Spent the last week at Erie doing some walleye fishing. We had some terrible weather and the fishing was way down from what it has been but we still managed to get out and ice a few walleye. I tried my hand at making a few walleye lures last year but hadn't really had a chance to test them much. Tuesday was the first chance we had to fish so I put out a crawler harness on one rod and one of my lures on the other.

I caught a few junk fish on the harness before my inside rod with the lure got hit. I was running it behind a big dipsey on a 1 setting back 90 feet when it went off. I knew it was a nice fish when it started taking drag but didn't think it would be my biggest walleye to date at 31" long. My previous best was 28 1/2".

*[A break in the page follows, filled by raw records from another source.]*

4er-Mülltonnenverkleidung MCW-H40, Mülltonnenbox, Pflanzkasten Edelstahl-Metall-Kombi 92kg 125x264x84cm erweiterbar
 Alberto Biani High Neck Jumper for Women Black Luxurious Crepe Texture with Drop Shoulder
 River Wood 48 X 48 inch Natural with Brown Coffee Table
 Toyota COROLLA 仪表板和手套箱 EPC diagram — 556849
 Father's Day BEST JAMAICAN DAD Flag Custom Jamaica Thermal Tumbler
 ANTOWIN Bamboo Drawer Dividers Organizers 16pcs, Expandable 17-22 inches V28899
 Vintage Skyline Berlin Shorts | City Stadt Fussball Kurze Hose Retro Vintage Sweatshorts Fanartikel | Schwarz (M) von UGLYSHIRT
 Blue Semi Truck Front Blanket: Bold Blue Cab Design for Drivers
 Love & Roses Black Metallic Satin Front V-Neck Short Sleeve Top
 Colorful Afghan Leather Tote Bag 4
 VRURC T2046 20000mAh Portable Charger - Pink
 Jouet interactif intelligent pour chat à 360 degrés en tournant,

I think my brother in law got a picture of the fish but I haven't seen it yet. The lure is the 2nd one up from the bottom, I knew it would be a good color because I think I copied it from DownRiver, lol.


----------



## rjbass (Aug 1, 2007)

Good job, nothing like cathing fish on your own lure!!!


----------



## sherman51 (Apr 12, 2011)

hey, congrats on the big eye. and that is a good looking lure. it should catch alot of fish.
sherman


----------



## triton175 (Feb 21, 2006)

Way to go! That's a great feeling.


----------



## All Eyes (Jul 28, 2004)

Congrats!!! That's a big eye. Very nice looking baits!


----------